The price point does have its trade-offs: the device does not have a camera or 3G. The device also won’t be available outside the US for some time because of its tie up with the cloud player, which is not yet in other territories for legal reasons.

But, in the ever thorny tablet war against Apple, it seems it might be price alone that will lead to the market becoming a little less monopolised.

Big brand manufacturers have tried and failed to produce iPad killers. The Blackberry PlayBook, Samsung Galaxy Tab, and HP TouchPad all had the bells and whistles in terms of tech to rival Apple, but they failed to make even a dent to its ever-growing dominance. Purchasers, it seems, are buying on brand reputation rather than spec.

In fact, the HP TouchPad, with its Beats by Dr Dre speakers and multi-tasking, only sparked consumers’ interest when the company dramatically slashed the price of the product to around £89 to sell off excess stock after it announced it was retreating from the hardware business.

It doesn’t need me to state that tablets are hot property at the moment (I’ve gone and said it anyway), but at currently they are a luxury item, mostly confined to suit-wearing commuters.

A £130 tablet opens up the market to everyone and has launched just in time to fill (7-inch) Christmas stockings across the land.

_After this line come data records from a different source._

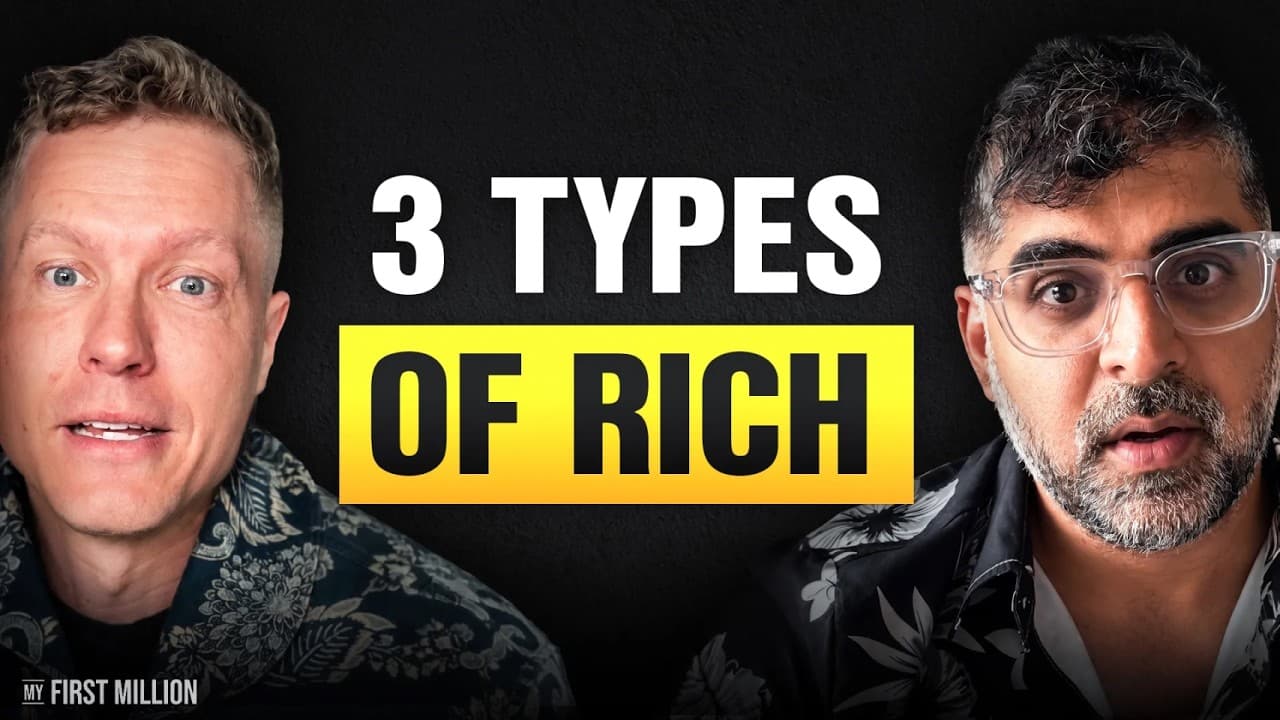 We decoded the business behind this influencer’s perfect life
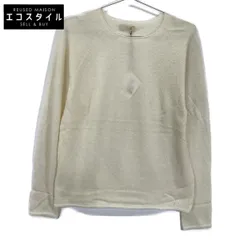 TOYOBOSHI トウヨウボウシ トップス F ベージュ レディース 2026年最新】toyoboshiの人気アイテム - メルカリ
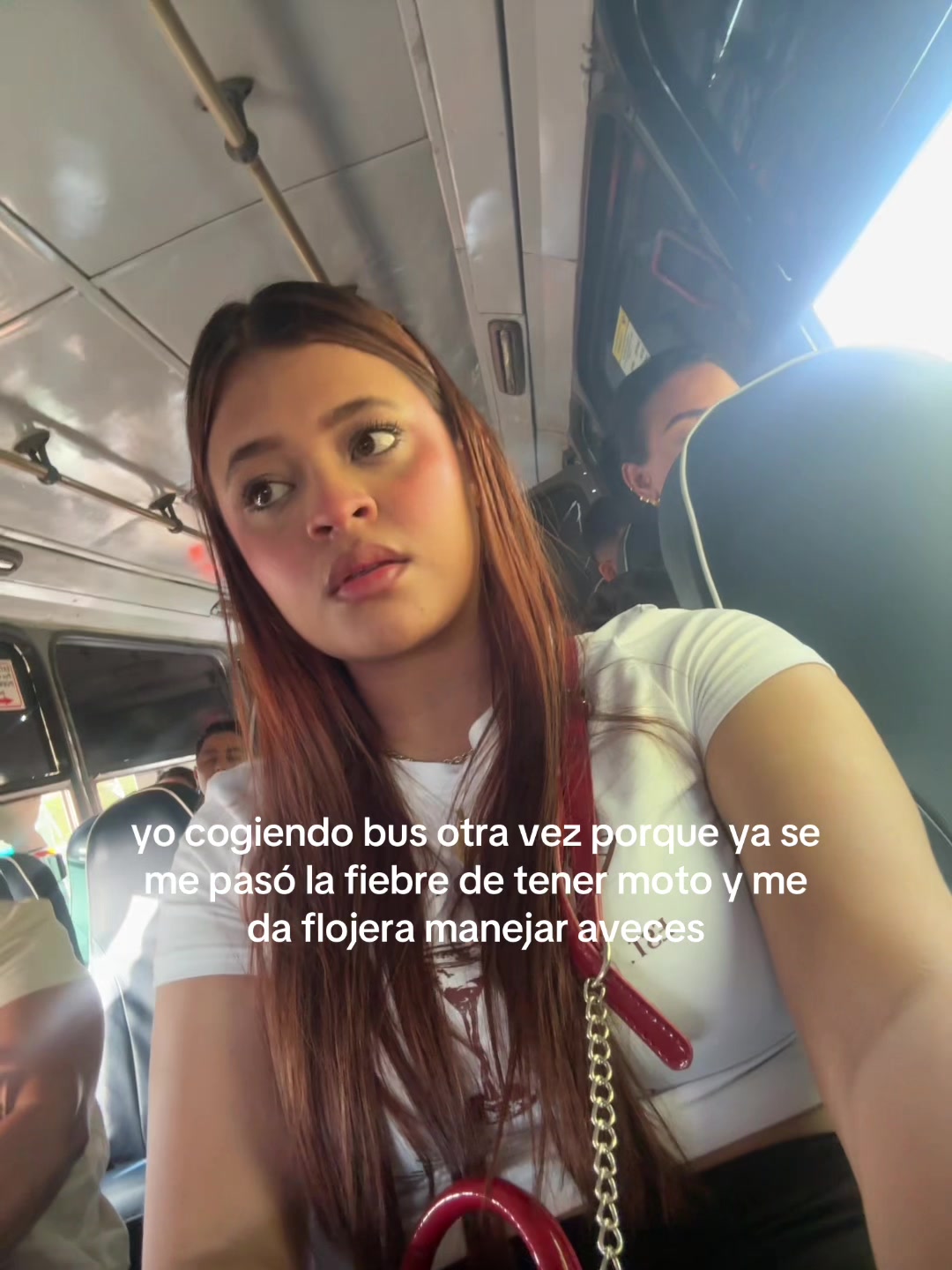 @Valen🌸💕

By producing a “feature tablet”, one that might not have the bells and whistles of its older brothers but still functions in a similar fashion, Amazon could get a grip on the market in the same way that Nokia still has a strangehold of the entire mobile phone sector because there is still a demand for feature phones that are cheaper than a dinner.

In these current times, price really is everything. Whether it is the supermarkets’ price drop war, fast fashion, or the growing demand for discount code and vouchers, everyone is on the hunt for a bargain.

Amazon has launched a seemingly luxury item at a bargain basement price at just the right time, pushing almost all of its Android competitors out of the market. The showdown between Apple and Amazon is officially on.